Chłodny, jesienny wiatr szarpał gałęziami drzew, uderzając w wodospad i rozpryskując krople lodowatej wody. Jednak grube skalne ściany osłaniały młode koty, dając schronienie w klanowym żłobku. Promyk wtulała się swoim drobnym ciałkiem w brzuch matuli, ugniatając posłanie malutkimi łapkami. Kocięta dopiero co otworzyły oczy, od samego początku będąc powodem zamieszania w legowisku. Ale burej koteczce wcale nie przeszkadzało lenienie się ani odpoczywanie całymi dniami, podczas chowania się przed chłodem z zewnątrz.
Wydała z siebie cichy pisk, gdy Księżycek przypadkiem kopnęła ją w brzuch. Co za niewdzięcznica! Kiedyś jej odda. Jak na razie jednak prychnęła pod nosem i niezgrabnie podniosła się na łapy, chwiejąc się z każdym krokiem. A raczej swego rodzaju 'pełzem', gdyż chodzeniem tego nazwać nie można było.

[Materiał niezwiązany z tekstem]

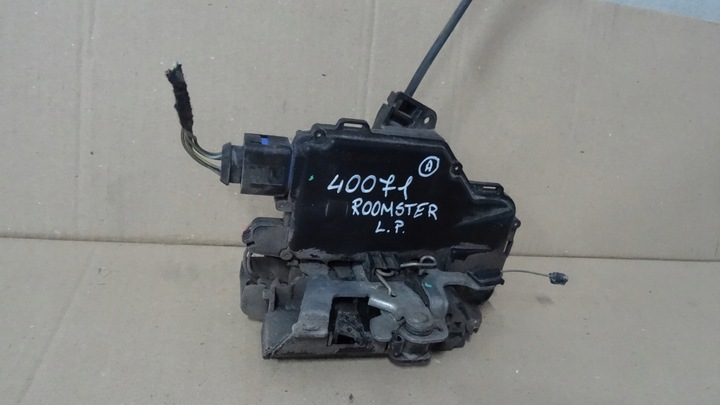 фото №2, Roomster замок дверь левый перед 8 pin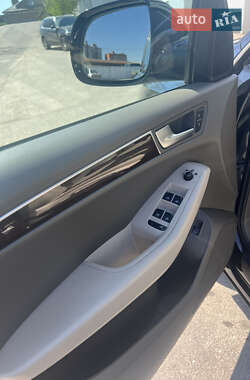 Внедорожник / Кроссовер Audi Q5 2011 в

Rozejrzała się błękitnymi oczętami po legowisku, w poszukiwaniu czegoś interesującego. Jednak szybko spuściła głowę z zawodem, gdyż żłobek był prawie pusty. Nie tak, że szukała kogoś do zabawy, o nie nie. Ale poprzedni rezydenci mogli chociaż po sobie coś zostawić? A nie, teraz przez nich się nudzi.
Przez chwilę rozważała po prostu powrót do spania, co brzmiało strasznie kusząco. Ale mogła też wykorzystać ten czas jakoś inaczej, skoro nikt się jej nie przyglądał. Brr. Zadrżała na samą myśl bycia obserwowaną. Była pewna, że jej siostry cały czas ją oceniały, wszystko co robiła, było przez nie krytykowane.
Szylkretka tak się zamyśliła, że prawie nie wyłapała zapachu pewnego kota wchodzącego do żłobka. Znała ten zapach z wcześniej, kojarzył się jej on od pierwszych dni.
- Tata? - pisnęła niepewnie. W końcu musiała wiedzieć, jak wygląda jej własny ojciec, prawda?